La molteplicità della realtà, la sua multiforme manifestazione, l’impossibilità di capirne il senso ultimo e la marginalità della posizione dell’io, le infinite manifestazioni dell’essere sono la cifra poetica più significativa di Carlos Sáncez. Già nell’autoritratto, come un manifesto del sentire poetico, afferma: “La tua precarietà/ che Caravaggio/ avrebbe messo/ in una zona del quadro/ senza luce/…”. Nella esistenza degli esseri l’io non può che essere qualcosa di precario e di poco significativo e non solo perché il singolo uomo è una particella infinitesimale dell’universo (sembra ricordare Leopardi della Ginestra che richiamava l’uomo alla sua piccolezza e nullità di fronte alla straordinaria grandezza dell’universo) ma anche perché nulla o quasi rimane stabile e fermo e tutto si trasforma. Ma questa poesia ci fornisce anche altre informazioni sul suo essere poeta, che ha dubbi, è carico di malinconia, di astrattezza di pensiero e tuttavia possiede un tocco di stravaganza.
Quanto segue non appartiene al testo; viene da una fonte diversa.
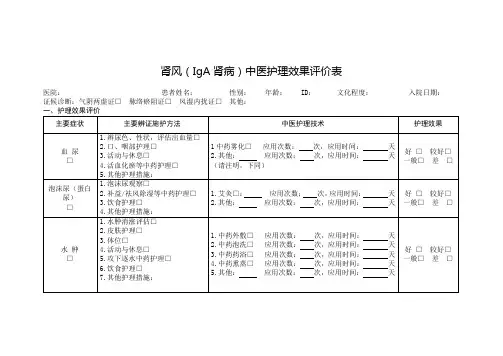 8.肾风(IgA肾病)中医护理方案
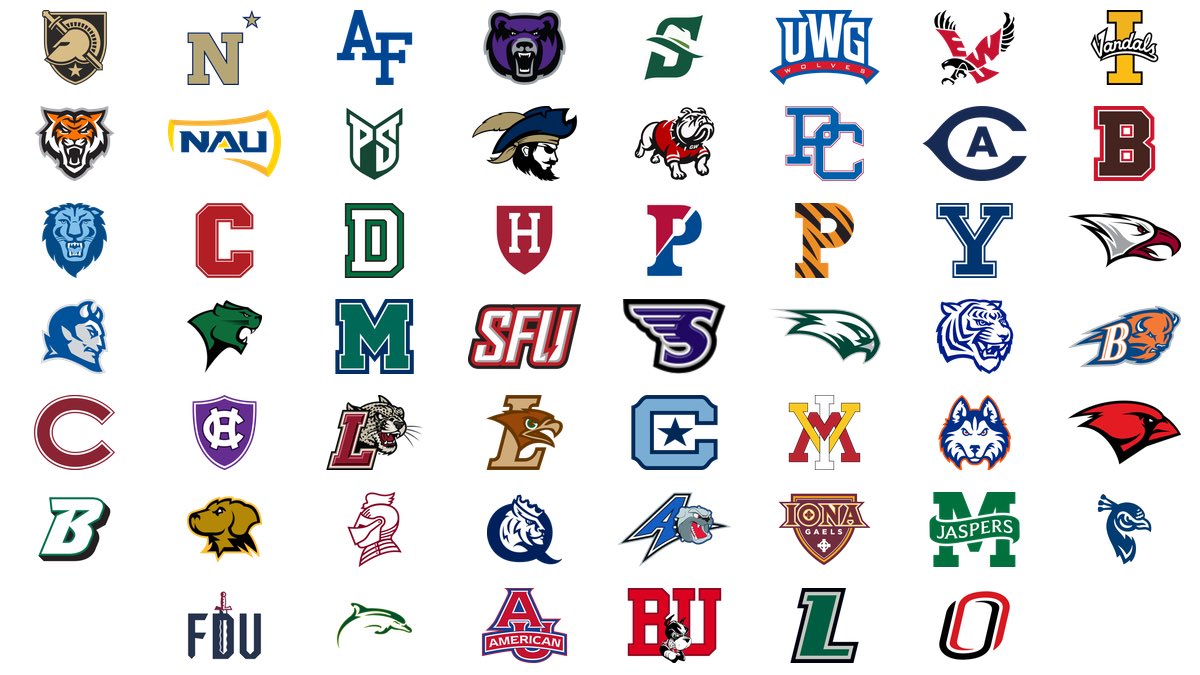 310 D1 schools have opted into revenue sharing, so it’s actually easier to list out the 54 that didn’t.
Ma è densa di significato anche la poesia che fa da introduzione “Con tutta la voce che ho”, una sorta di poetica. L’oggetto della poesia sembra essere tutta la gamma di incertezze, errori che costruiscono e hanno costruito la persona del poeta, ma poi anche l’amore, il disordine della vita, ma diventa importante specialmente il tono del fare poesia; come nell’autoritratto, in cui il poeta dice di trovarsi in una zona scura, anche in questa il poeta canta “zitto zitto”.
E tuttavia, pur nella oscurità del silenzio, fra le tantissime cose il poeta si sente quasi investito da una missione divina, che lo rende dimentico di ogni altra cosa. “Non so perché/ tra tante cose inutili/ dio/-se è vero che esiste-/ mi ha condannato/ a scrivere poesie”.
Alcune tematiche, in questo turbinio di esperienze, di fatti, di oggetti, insomma della molteplicità della realtà, si evidenziano, intanto quella dell’amore che accompagna il poeta e non lo abbandona mai: “L’amore deambula con piena gioventù/ perfino in questa vita adulta./ Andrà sicuramente/ a portare fiori sulla mia tomba.” L’amore per il poeta ha la capacità di assorbire le energie, di convogliare tutte le forze di una persona andando al di là di ogni altra emozione: “Con tante cose che succedono nel mondo/…/i massacri/ le gabbie delle grandi città/ la precarietà della libertà/ di tutte le libertà/ mi sono svegliato oggi pensando a te/ e ho girato per la casa/ per il paese/ per il bar/…/pensando a te/ con tutte le cose che succedono al mondo.”
Un altro tema che serpeggia per tutta la silloge è riferita al viaggio, all’impossibilità di arrivare ad un punto stabile definito. Già lo stesso titolo dell’intera raccolta di poesie Tutto scorre come un fiume delinea e indica il tema forse fondamentale e centrale del sentire poetico di Carlos Sánchez e tuttavia il fluire, l’andare, il viaggiare diventano aspetti ontologici della esperienza e vita di un uomo. “Nel viaggio stava l’avventura/ ed in me/ il desiderio di arrivare./Non sapevo allora/ che il destino finale/ non importava/…/il viaggio era tutto./ Il viaggio è tutto”. Sono tante le poesie che esprimono il procedere dell’uomo senza sapere la fine della sua meta, ignorando dove il tutto si conclude. L’incertezza del procedere, la nebulosità del destino finale non porta a una disperazione, perché il procedere, il viaggio si accompagna sempre ad un sogno che non si realizzerà, ma che rimane connaturato allo stesso andare. Il sogno alimenta il viaggio, che a sua volta sostiene il sogno.
La molteplicità della realtà, la impossibilità di decifrarne il senso e significato sono anche al centro di due poesie dove si mette a fuoco il valore della parola come fonte di conoscenza e libertà e dall’altra della impossibilità di una certezza di significato delle parole stesse. La parola che offre la conoscenza e riscatto al singolo rischia di non essere una fonte di comunicazione con il pericolo che poi si rimanga isolati senza possibilità di certezza d’intesa. “Che cosa pretendevi di costruire/ in quell’enunciato mi dico/a quale certezza ti riferivi/ in mezzo a tanta mancanza di certezze/…Sanguino dagli occhi senza parole/ sanguino dalle mani senza parole”.
La poesia di Carlos Sánchez si snoda sempre con irruenza e come un torrente da cui è difficile non essere trascinati per le sue acque impetuose ma ricche di sensi metaforici.